Mehr Pizzaros Rache als Beschwörung der Liebe
Umstrittene Premiere von Beethovens Oper „Fidelio“: Während Nikolaus Harnoncourt, sein Concentus Musicus Wien und das Sängerensemble gefeiert wurden, gab es heftige Buhs für die erste Opernregie von Herbert Föttinger, der die Geschichte in die NS-Zeit verlegt und aus dem Staatsgefängnis ein Konzentrationslager macht, in dem Don Pizarro uneingeschränkt wütet und selbst vor Mord nicht zurückschreckt.

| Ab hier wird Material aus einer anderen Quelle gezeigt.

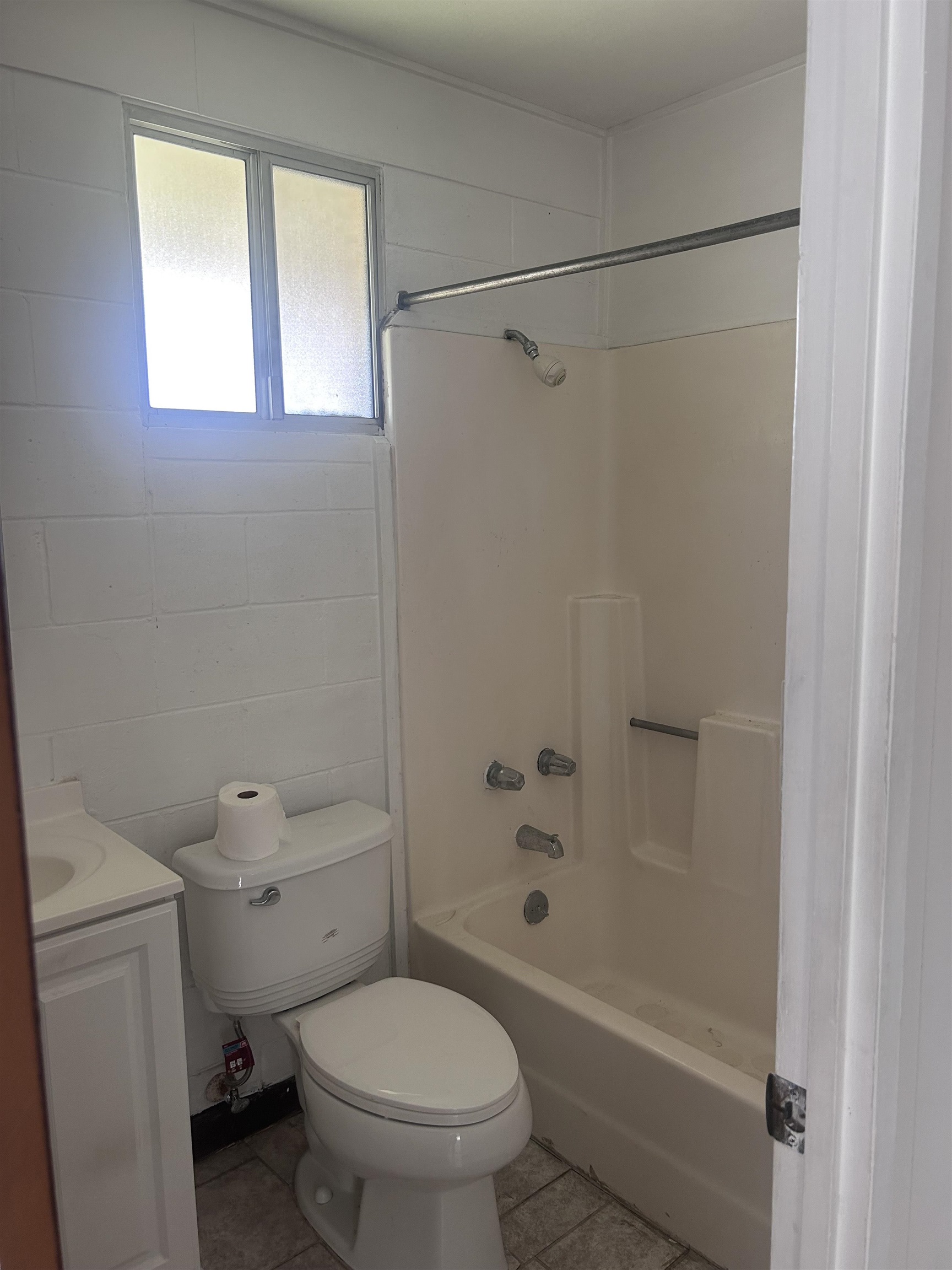 137  Niihau St , Kahului home - photo 9 of 11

Doch das legt Schwerpunkte, die vom eigentlichen Thema – der unbändigen Liebe – zu sehr ablenken.
Perfekte Personenführung
Eigentlich müsste diese Oper „Pizarros Rache“ heißen und nicht „Der Triumph der ehelichen Liebe“ wie der Untertitel der 2. Fassung. Das unterstützt auch das an diktatorischer Monumentalarchitektur orientierte Bühnenbild des im Mai 2012 verstorbenen Rolf Langenfass und die an faschistische Uniformen gemahnenden Kostüme von Birgit Hutter. Nicht klar der Schluss: Die letzte Szene findet in der Gegenwart statt, in Smoking und Cocktailkleid, und Beethoven tritt persönlich als rettender „Engel“ Don Fernando auf, der die ewige Liebe beschwört. Wer feiert da die Freiheit? Die oberen Zehntausend?

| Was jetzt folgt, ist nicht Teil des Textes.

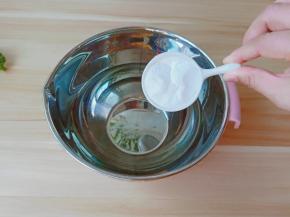 将冰粉放到容器中。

Eines muss man aber Herbert Föttinger zugestehen: eine perfekte Personenführung. Das gesamte Konzept aber konnte nicht wirklich begeistern. Der musikalische Masterplan ist nicht ganz neu und erinnert an die Schubertiade 1986: Damals war Peter Schreier der lyrische Florestan, der diesmal von Michael Schade genau in der Sichtweise Harnoncourts gesungen wurde. Nicht der kraftstrotzende Heldentenor, sondern der tatsächlich die physischen Grenzen erreichende Sänger, dem man zwei Jahre Folterhaft wohl mehr abnimmt.

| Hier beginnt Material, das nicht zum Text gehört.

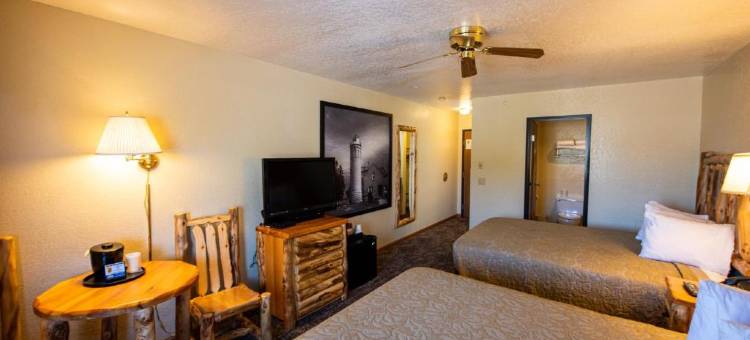 麦奇诺市布里奇维尤速8酒店(Super 8 by Wyndham Bridgeview of Mackinaw City)图片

Michael Schade überzeugte in einer Grenzpartie, aber auch Juliane Banse, die großartig agierte und sang und dennoch das Gefühl nicht vertreiben konnte, dass auch sie hier extrem gefordert ist und manchmal die stimmliche Contenance verlor. Lars Woldt war ein perfekter Rocco, Martin Gantner überzeugte als Pizarro. Mit Anna Prohaska lag man bei der Besetzung der Marzelline absolut richtig, und Johannes Chum wusste als Jaquino zu punkten. Garry Magee war ein sanfter Beethoven/Fernando, dem sowohl der Jähzorn des Komponisten als auch die wütende Echauffiertheit des Ministers fehlte. Stimmig wie immer der Arnold Schönberg Chor.
Nikolaus Harnoncourt hat mit seiner Lesart der Partitur auch das Publikum überzeugt und seinen Concentus Musicus Wien zu absoluter Höchstleistung geführt.
„Fidelio“: Oper von Beethoven, Theater an der Wien, 17. 3.